Investing.com — Citi analysts see further upside for Roblox shares despite the stock’s sharp rally since first-quarter results, citing strong second-quarter user data and a favorable U.S. court ruling on App Store fees.
“Roblox’s equity has performed well since 1Q25 results. However, we still see upside,” Citi wrote, pointing to “remarkably robust” third-party data from RoMonitor and the potential benefit of lower platform fees after the April 30 ruling that Apple (NASDAQ:AAPL) must allow third-party payments.
The analysts highlighted that Roblox stock has surged about 55% since its May 1 earnings report, suggesting the market is now pricing in roughly $880 million in annual EBITDA. But they argue there’s room for further gains.
“RoMonitor suggests CCUs averaged 12.4 million” during the second quarter, Citi said.
Based on a regression model, that data implies Roblox may report 26.7 million payers and $1.56 billion in bookings for 2Q25.
If accurate, that would be “32% ahead of the high-end of Roblox’s 2Q25 Bookings guidance,” wrote the bank.
The court ruling on App Store fees could also be a major tailwind.

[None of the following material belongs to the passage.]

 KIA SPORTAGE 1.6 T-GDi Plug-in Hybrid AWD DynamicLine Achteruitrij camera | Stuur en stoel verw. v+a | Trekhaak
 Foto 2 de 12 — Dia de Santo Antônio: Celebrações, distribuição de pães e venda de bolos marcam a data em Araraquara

Apple accounts for about 30% of Roblox’s revenue, and Google (NASDAQ:GOOGL) Play about 16%, according to the company’s latest 10-K.

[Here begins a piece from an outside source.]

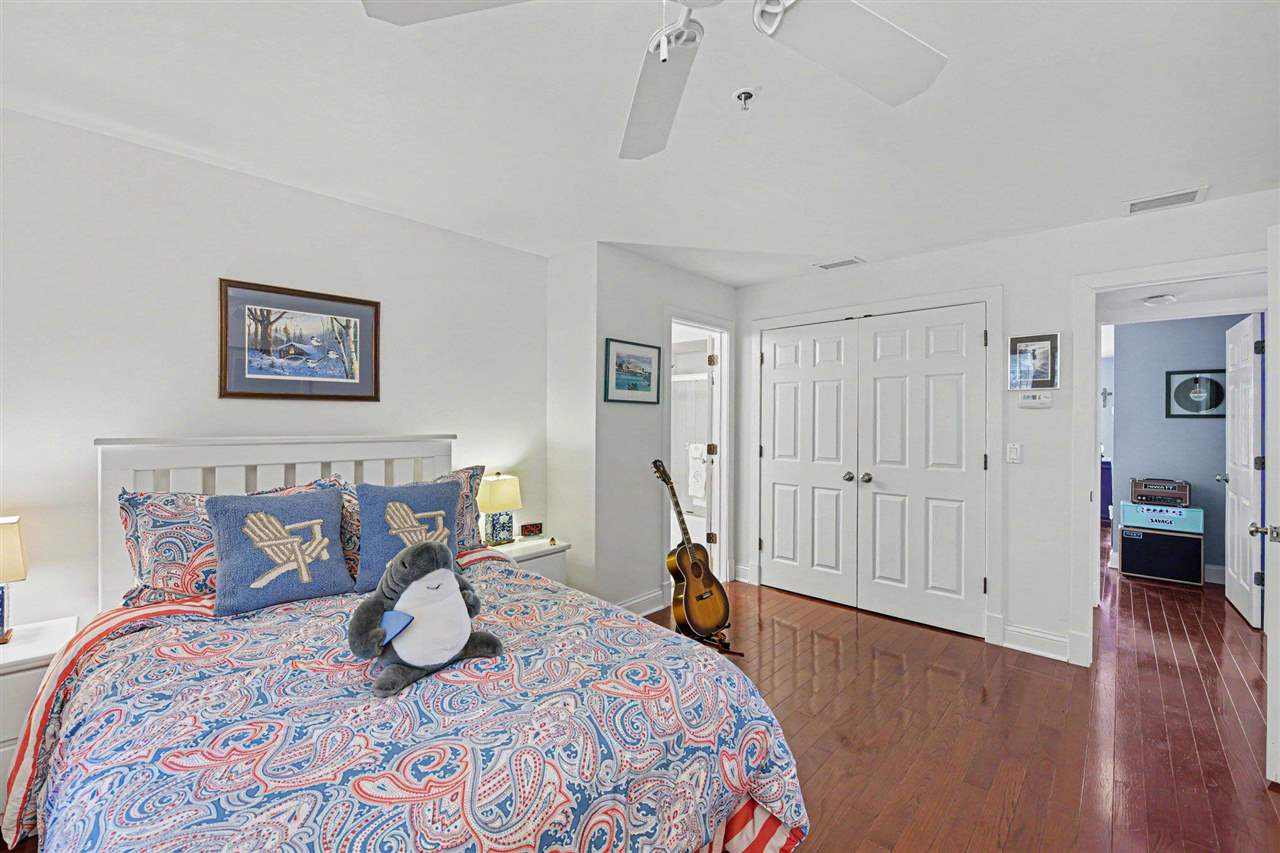 301 Michigan Avenue Unit: #8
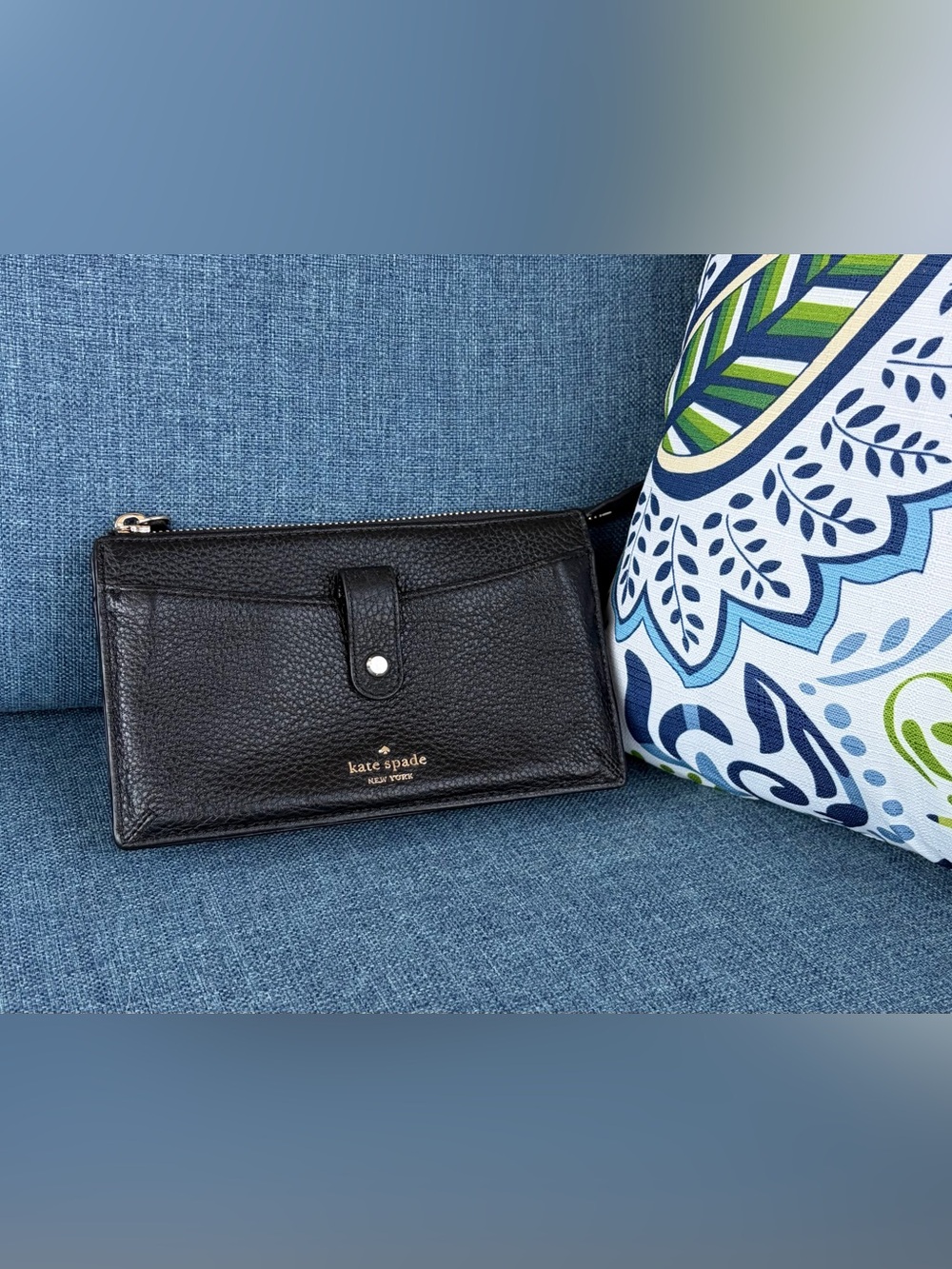 Kate Spade Leila Black Pebbled Leather Crossbody Wallet Phone Bag WLRUB470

Citi estimates that lower platform fees could boost EBITDA by between $220 million and $600 million, depending on the geographic scope and implementation across platforms.
Given these developments, Citi raised its price target on Roblox from $100 to $123 per share, maintaining a Buy rating.
“We are raising our estimates to reflect our incremental upside from the RoMonitor data,” the analysts wrote, noting the new target still reflects around 50 times 2026 free cash flow per share.